Tokenization is a further development of that argument. Financial institutions are increasingly using blockchain networks to represent assets such as government bonds, funds, credit products and other securities on-chain. Ethereum remains one of the primary venues for this change due to its developer base, liquidity, security record, and established smart contract infrastructure.
According to Token Terminal data, the on-chain market value of real-world assets has surpassed $38 billion, with Ethereum accounting for approximately 67% of tokenized RWA.
Grayscale also described tokenization as a big potential investment opportunity, noting that tokenized assets still account for only a small portion of global stock and bond markets despite their rapid growth over the past year.
This gives Ethereum a structural argument beyond the current sell-off.

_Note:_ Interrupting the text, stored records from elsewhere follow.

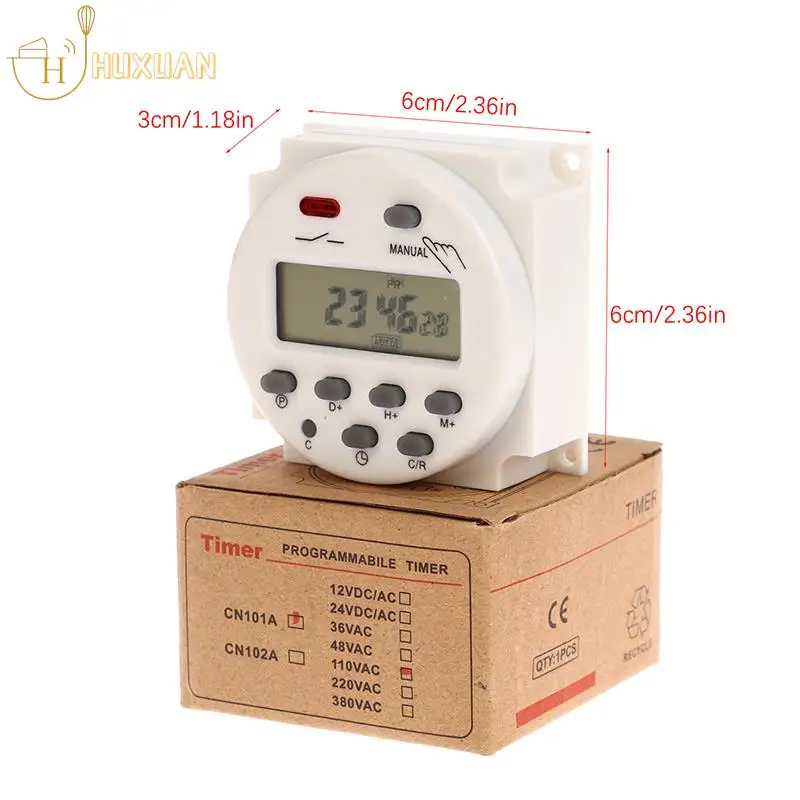 1Pc 12V 24V 110V 220V CN101A Digital LCD Power Timer Programmable Time Switch Relay CN101 Timer Switch Power Timer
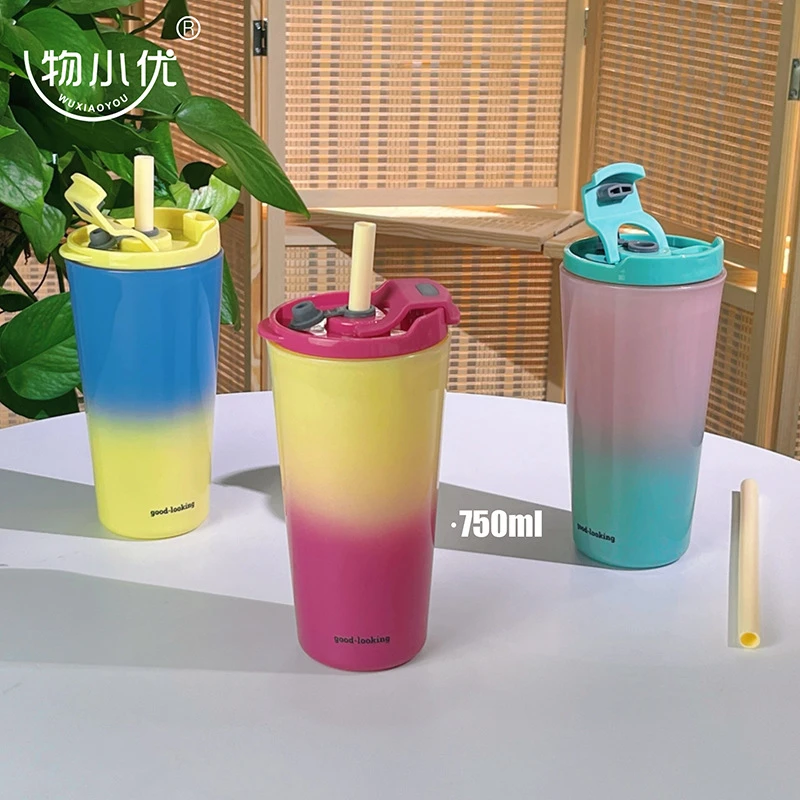 创意网红咖啡杯直饮杯吸管高颜值简约竹节杯办公室带盖大号玻璃杯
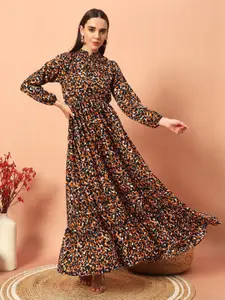 Raiyani Fashion Floral Print Tie-Up Neck Applique Crepe Fit & Flare Maxi Dress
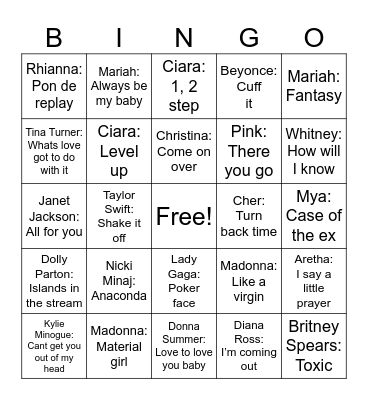 Divas Bingo Card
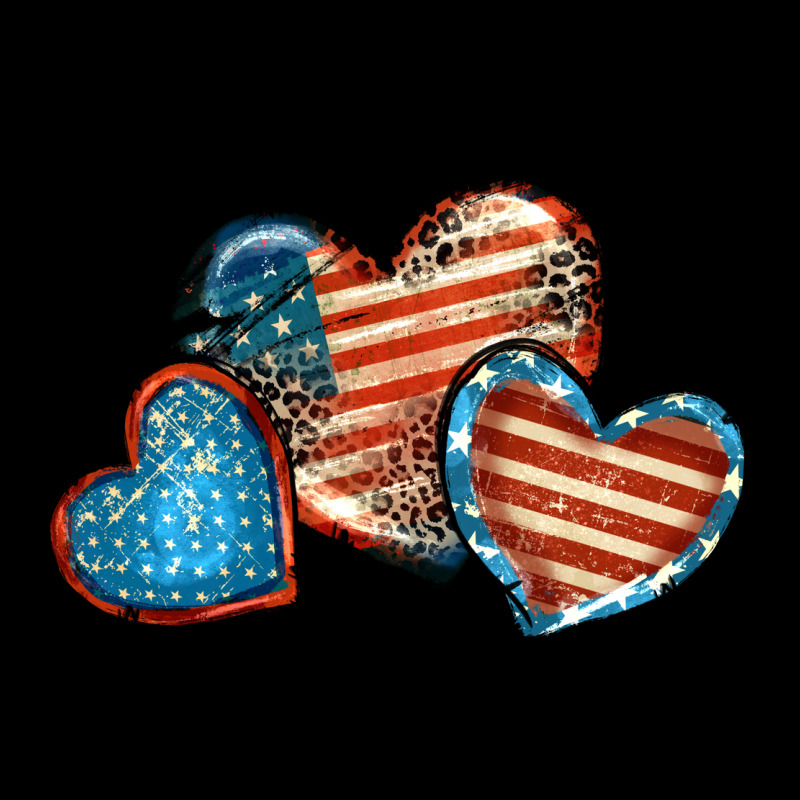 American Flag Hearts 4th Of July Urban Hoodie by FaDigitalArtStudio | Teevron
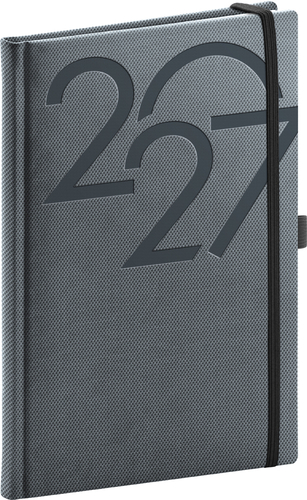 NOTIQUE Týždenný diár Ajax 2027, čierny, 15 x 21 cm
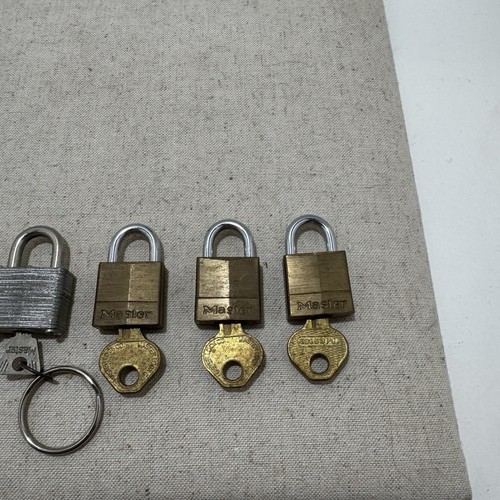 Miniature Master Padlocks, Some Vintage, Number 10 USA, Number 120 Taiwan - Picture 2 of 4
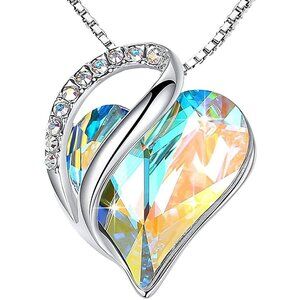 Infinity Love Birthstone Heart Pendant Opal White Necklace Women Mom Wife Silver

As more traditional assets move to public ledgers, networks that provide payments, liquidity, and smart contract execution can capture a larger share of financial activity.
Ethereum proponents argue that the chain is already positioned to fill that role, as it has the deepest DeFi ecosystem and one of the most mature foundations of tokenized asset infrastructure.
Lee’s second driver, agent AI, adds a new layer to the same thesis. Autonomous software systems that can trade, borrow, lend, verify data, or make payments require digital rails designed for machine-centric activities.
Ethereum proponents argue that the blockchain network is suited for that role because it allows agents to interact directly with code, liquidity pools, stablecoins, and on-chain credit markets.
These long-term drivers are the basis of BitMine’s view that recent declines have created opportunities rather than undermining the broader thesis.
The company sees ETH falling below $2,200 as an attractive level to accumulate assets, citing continued tokenization and agent AI developments as reasons it could outperform the current market stress.
BitMine owns over 5.2 million ETH, making it the largest public company holder of the digital asset. This position gives the company a first-hand look at whether Ethereum’s structural demand story can outlast the current pressures from oil, exchange supply, derivatives sales, and ETF outflows.
However, the case for ETH’s price recovery still needs to be confirmed by the market. ETH’s exchange inflows will need to cool, futures selling to die down, and ETF redemptions to slow before investors can more confidently treat the recent decline as a reset. A reversal in oil prices would support Lee’s view that the biggest macro disruptions to ETH are temporary.